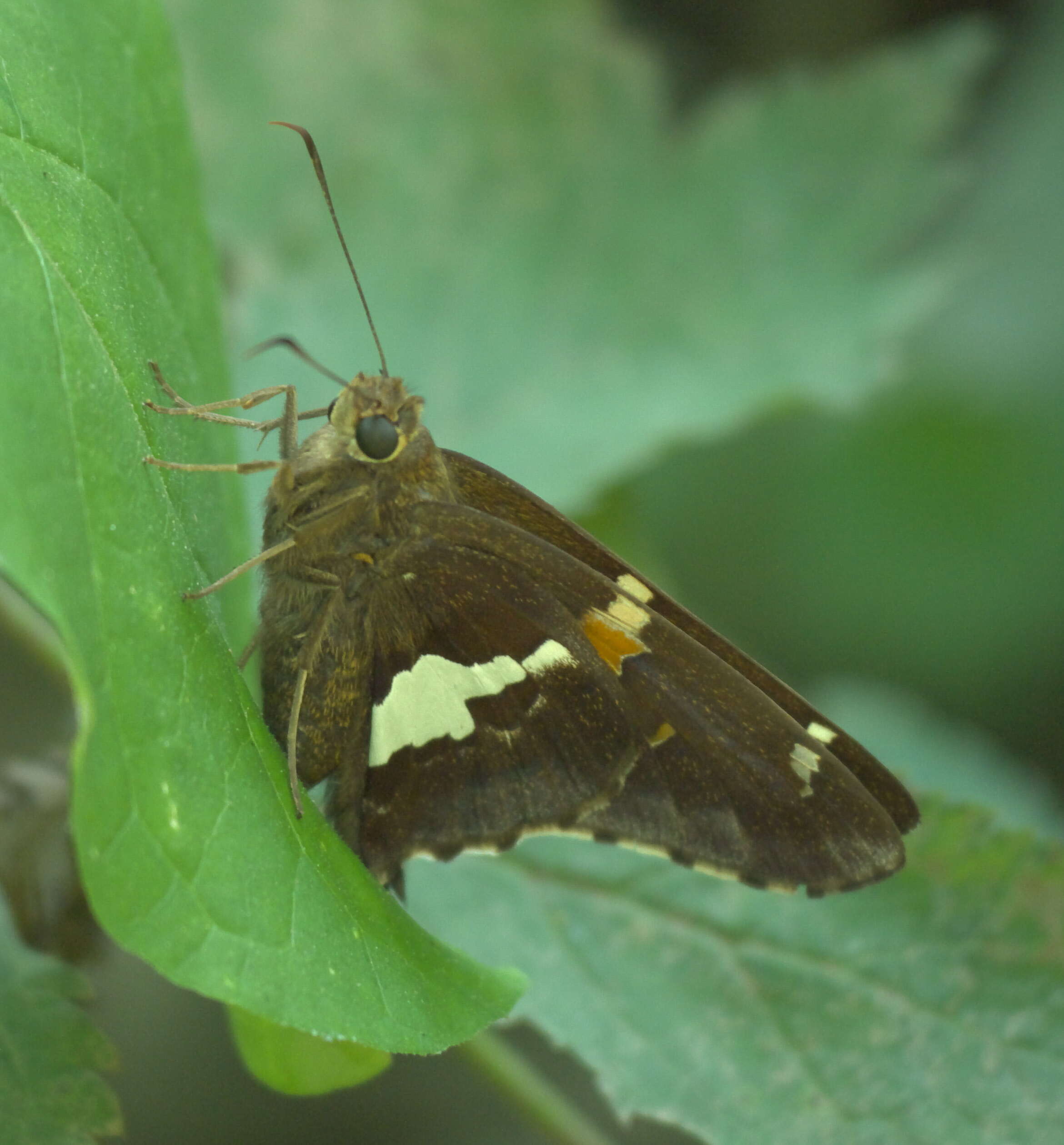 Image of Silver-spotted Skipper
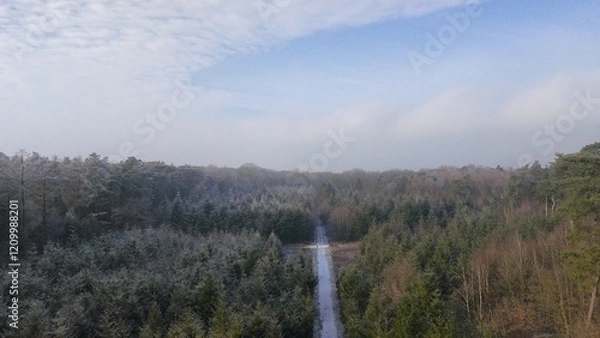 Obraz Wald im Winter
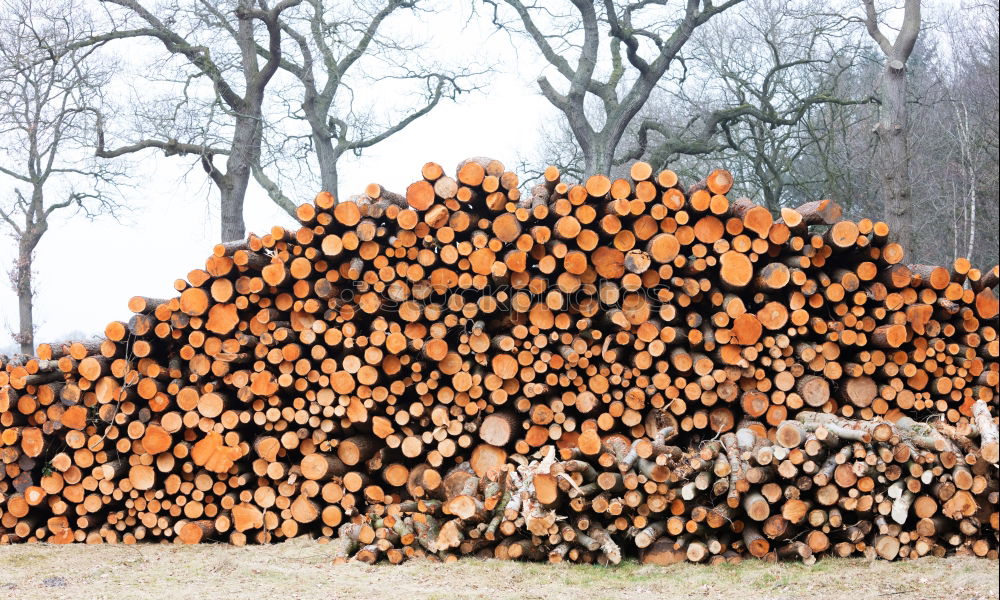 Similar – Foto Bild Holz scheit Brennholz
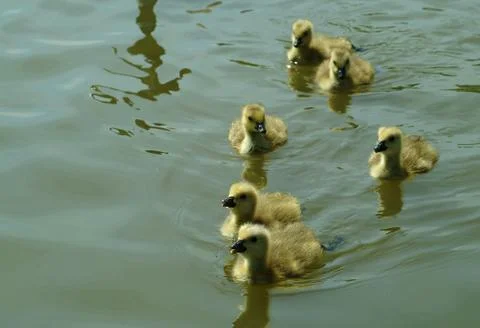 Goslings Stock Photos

■ What to produce ■
The answer is the listing above repeated verbatim, minus its images.

■ Result of this exercise ■
 Image of Silver-spotted Skipper
 Obraz Wald im Winter
 Similar – Foto Bild Holz scheit Brennholz
 Goslings Stock Photos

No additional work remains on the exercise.